Well, there’s someone out there for everyone and opossum mating season lasts from about January to July. Since they don’t have a placenta for protection, the babies get kicked out by the mother’s immune system pretty early.

The very tiny young (maybe a little bigger than a pencil eraser) are born after only 12-13 days of gestation and spend their first 50-60 days affixed to a nipple in the mother’s pouch. It’s kind of like a uterus, but outdoors and with some hair and grit.

Later, the young sometimes endearingly ride around on their mother’s backs, but by about 100 days, she’s sick of them and the maternal bond evaporates. Adult opossums prefer their own company and rarely live more than about 18 solitary months. The oldest known opossum was only 3 years old.

Overall, they seem sort of ill-equipped, but marsupials (mammals with this pouch thing) have been around since before the dinosaurs died out and there still are more than 300 different species, mostly in South America and in and around Australia.

The somewhat revolting Virginia opossum is the only marsupial native to North America and is found from Central America on up through the eastern US into southern Ontario. They do pretty well around people, so they’ve been expanding their range northward right along with suburbia and hobby farms.

Somebody thought it’d be a good idea to introduce them to the West and now a population extends up along the coast into British Columbia. Although maybe not so much now that we’re living in the Dorito Age, they used to be hunted for food over a lot of their range (As in “Hey Jethro! Let’s get Granny to whomp up some ’possum and grits! Mmm-mmm!” Remember that from “The Beverly Hillbillies”?).

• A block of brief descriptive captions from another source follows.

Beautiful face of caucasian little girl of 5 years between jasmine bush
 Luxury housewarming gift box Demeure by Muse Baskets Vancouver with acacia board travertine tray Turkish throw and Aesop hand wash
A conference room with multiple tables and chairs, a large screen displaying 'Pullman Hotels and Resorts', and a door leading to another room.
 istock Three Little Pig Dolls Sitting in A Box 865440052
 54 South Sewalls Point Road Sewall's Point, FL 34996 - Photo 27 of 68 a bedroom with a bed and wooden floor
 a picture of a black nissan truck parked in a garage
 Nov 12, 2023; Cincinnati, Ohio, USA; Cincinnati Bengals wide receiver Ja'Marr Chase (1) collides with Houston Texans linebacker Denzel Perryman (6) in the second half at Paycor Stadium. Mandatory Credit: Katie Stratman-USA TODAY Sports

Their fur is pretty meager in the south, but approaches luxurious in the northern part of their range, but I don’t think opossum jackets ever took off. Northern ’possums often have frost-damaged ears and tails, so maybe their range expansion is nearing its limit. But with climate change, who knows?

Kind of like humans, opossums are opportunistic scavengers, eating birds, eggs, snails, snakes, insects, earthworms, small mammals, carrion, fruit and garbage. If you feed your dog or cat outdoors in opossum country, your house is on their shopping route. They often are hit by cars while foraging for roadkill.

When I worked for the railroad, we’d sometimes see them walking calmly down the rail, hand over hand, or later after the train went by, half a ’possum on each side. Incredibly, some populations apparently have evolved immunity to local varieties of snake venom. You just can’t help but admire them.

Despite having a pretty small brain case, they are generally smarter than dogs in trials, apparently approaching pigs in intelligence. We haven’t had them here on the North Peninsula yet, but I’m pretty sure I saw one of these living fossils roadkilled on the shoulder over there by Discovery Bay last week, so … Wait a minute … What’s that on the porch?